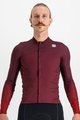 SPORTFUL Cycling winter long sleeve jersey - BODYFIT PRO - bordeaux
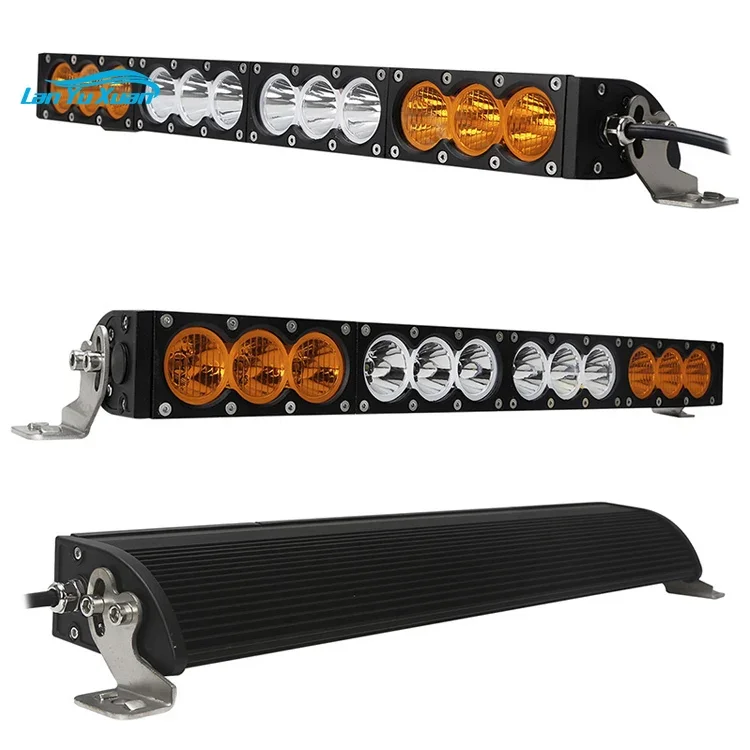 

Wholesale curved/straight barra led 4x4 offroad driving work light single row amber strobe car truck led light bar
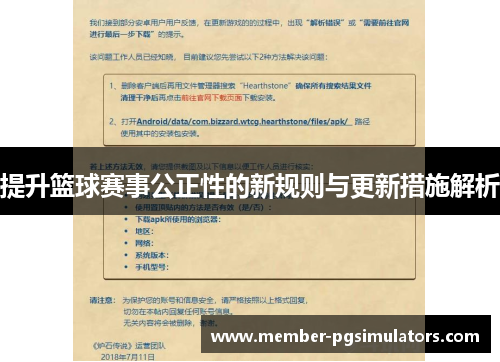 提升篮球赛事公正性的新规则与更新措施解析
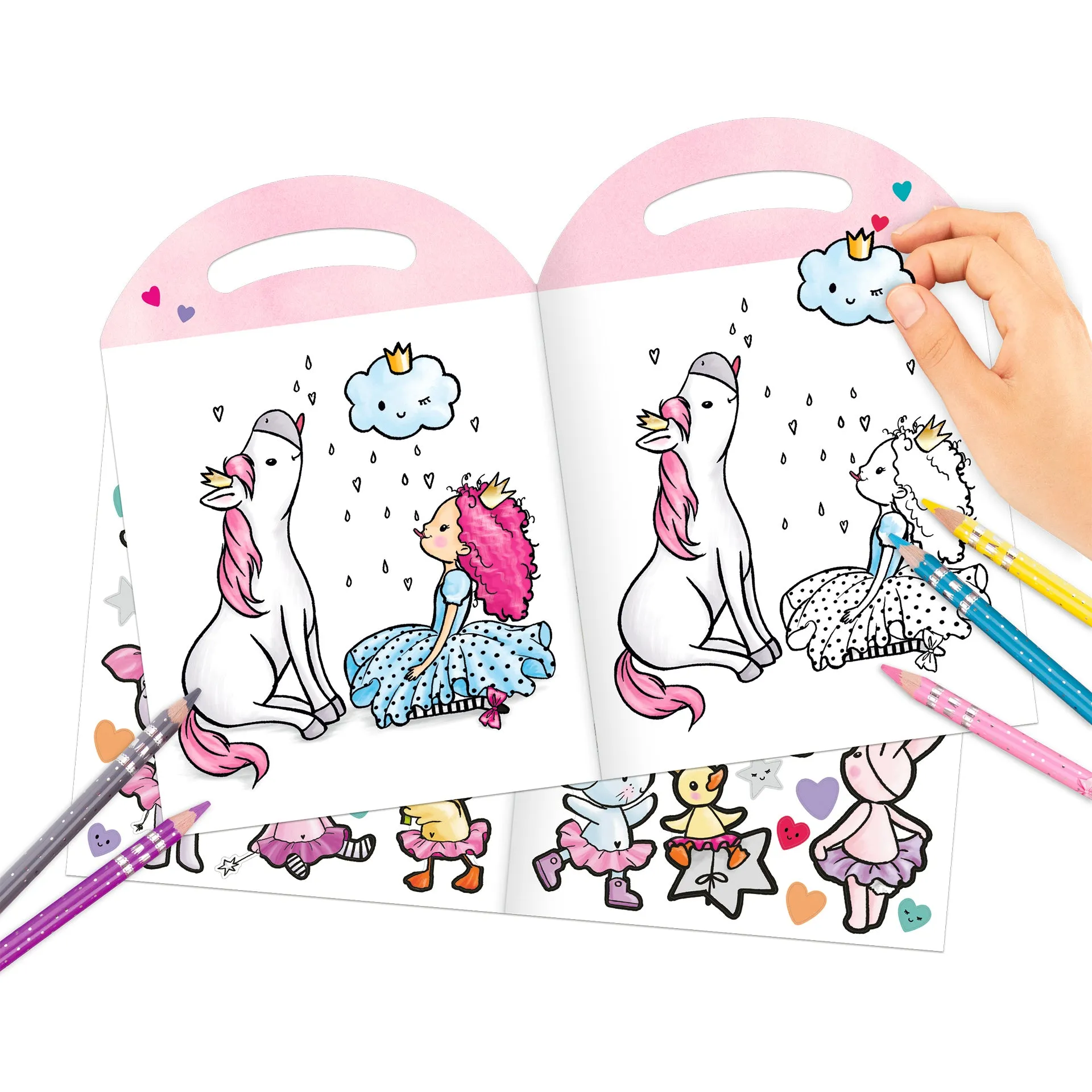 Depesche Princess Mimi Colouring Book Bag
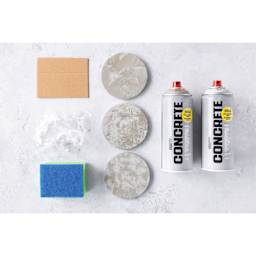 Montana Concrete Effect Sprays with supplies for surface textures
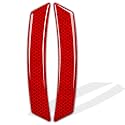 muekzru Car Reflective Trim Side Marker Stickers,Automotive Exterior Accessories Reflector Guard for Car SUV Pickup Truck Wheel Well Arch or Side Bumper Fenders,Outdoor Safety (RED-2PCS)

==============================

● Task statement: Pictures are to be left out; everything else in the entries is reproduced verbatim.

● Answer space:
 SPORTFUL Cycling winter long sleeve jersey - BODYFIT PRO - bordeaux

Wholesale curved/straight barra led 4x4 offroad driving work light single row amber strobe car truck led light bar
 提升篮球赛事公正性的新规则与更新措施解析
 Depesche Princess Mimi Colouring Book Bag
 Montana Concrete Effect Sprays with supplies for surface textures
 muekzru Car Reflective Trim Side Marker Stickers,Automotive Exterior Accessories Reflector Guard for Car SUV Pickup Truck Wheel Well Arch or Side Bumper Fenders,Outdoor Safety (RED-2PCS)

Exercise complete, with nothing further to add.